Das Sozialgericht Schwerin hielt den Versicherungsschutz jedoch für gegeben. Es bezog sich dabei auf die ständige Rechtsprechung, nach der ein Rückweg in der Regel den Charakter des Hinweges teilt. Folglich liege sowohl beim erstmaligen Hinaufsteigen der Treppe zur Arbeitsaufnahme im Homeoffice als auch beim Hinabsteigen der Treppe nach der Beendigung der Tätigkeit ein versicherter Betriebsweg vor.

Der Versicherungsschutz gilt im Homeoffice somit nur für die Hin- und Rückwege an den Arbeitsplatz?

Nein, maßgeblich ist stets, ob der zurückgelegte Weg als Betriebsweg anzusehen ist. Beispiel: Drucke ich im häuslichen Arbeitszimmer betriebliche Dokumente aus und stürzte auf dem Weg vom Schreibtisch zum Drucker, bin ich versichert. Anders ist es in der Tat, wenn ich auf dem Weg zur Wohnungstür stolpere, um ein privates Päckchen vom Paketboten entgegenzunehmen oder wenn ich mir in der Mittagspause etwas zu essen mache und mir dabei in den Finger schneide. Diese Fälle sind dann nicht versichert, weil ich eben keine dem Unternehmen dienende Tätigkeit ausübe.

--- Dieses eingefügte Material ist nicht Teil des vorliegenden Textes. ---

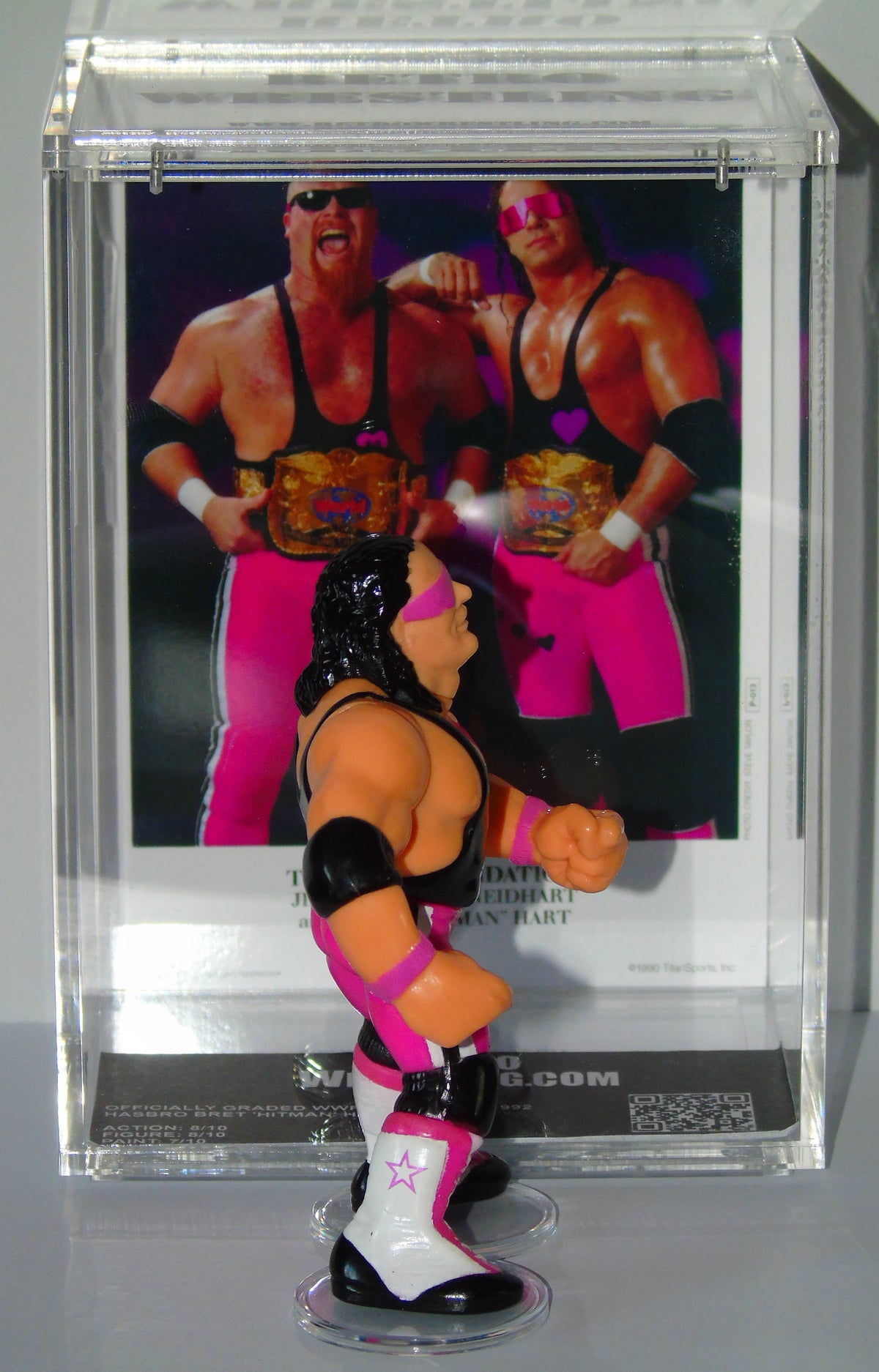 BRET HITMAN HART WWF WWE WRESTLING HASBRO ACTION FIGURE PURPLE HEART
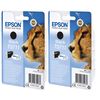 Epson T0711 x2 Ink Cartridges - Black (Twin Pack)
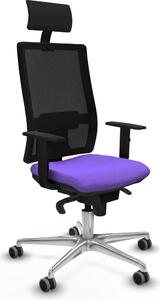 Sedia da ufficio con poggiatesta, marca Piqueras y Crespo, modello 1D086G1, colore lilla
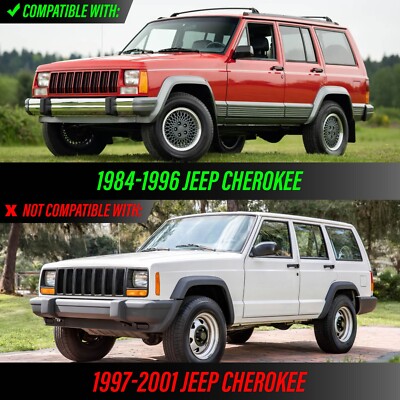Par De Luces De Giro Delanteras De Lente Ahumada Para Jeep Cherokee (1984-1996) Y Comanche (1986-1992)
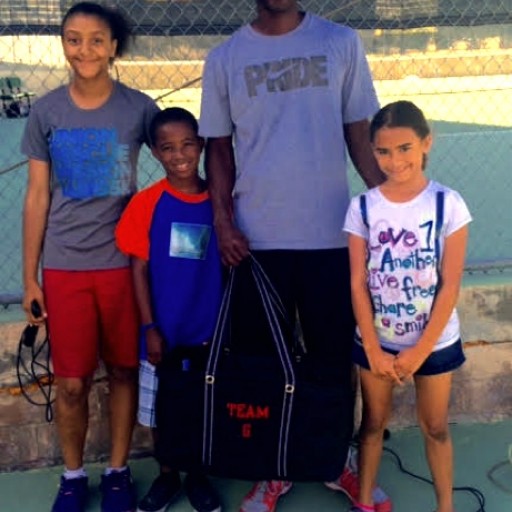 Team G Tennis Gives Scholarships to Children of Union Rescue Mission's Hope Gardens Family Center (HGFC).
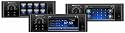 Soundstream VIR-4344NRB Exact Single DIN A/V Source DVD / CD / MP3 / MP4 / DivX / VCD Receiver with Digital 4.3 inch TFT / LCD, Fingertouch Front Panel, Built-in Bluetooth & Front USB and iPod Input Connection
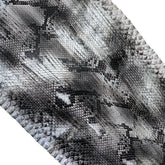 Metallic Python Skin Silver Strokes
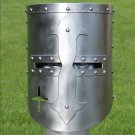 Medieval Armor Knight~ Crusader Helmet Metal Chrome, 11" Swagger~ souls - Style Decorative gift Medieval Armor Knight~ Crusader Helmet Metal Chrome, 11" Swagger~ souls - Style Decorative gift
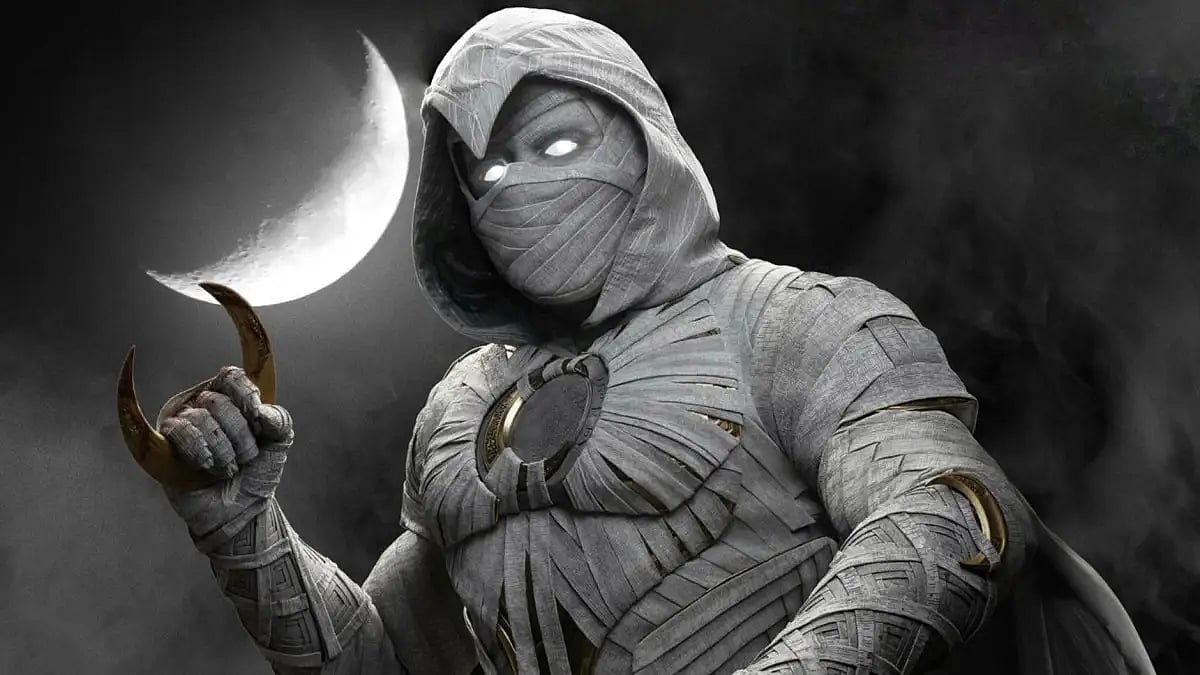 Oscar Issac as superhero Moon Knight.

Was ist mit Wegen außerhalb des Homeoffice, wenn ich meine Kinder zur Kita oder zur Schule bringe?

Der Gesetzgeber hat den Unfallversicherungsschutz ausdrücklich auf den Weg zwischen dem Homeoffice und einer Kinderbetreuungsstätte ausgeweitet. Zur versicherten Tätigkeit zählt daher auch der direkte Hin- und Rückweg zur Kita oder Schule, vorausgesetzt allerdings, dass der Start- und Endpunkt der gemeinsame Haushalt ist.
 
Gelten für Homeoffice und mobile Arbeit beim Versicherungsschutz die gleichen Regeln?

Grundsätzlich ja. Auch wenn der Beschäftigte im Hotel, im Park oder im Café arbeitet, kann dabei ein Arbeitsunfall im Sinne des Gesetzes passieren. Hier ist dann aber der Nachweis der Ausübung der betrieblichen Tätigkeit zum Zeitpunkt des Unfalls häufig schwieriger.

Vorsicht ist auch mit Blick auf den Unfallversicherungsschutz auf dem Weg zwischen dem Ort der mobilen Arbeit und einer Kinderbetreuungsstätte geboten. Nach dem Gesetzeswortlaut liegt ein Unfallschutz in diesem Fall jedenfalls nicht vor. Es bleibt abzuwarten, wie die Rechtsprechung diese Fälle einordnet.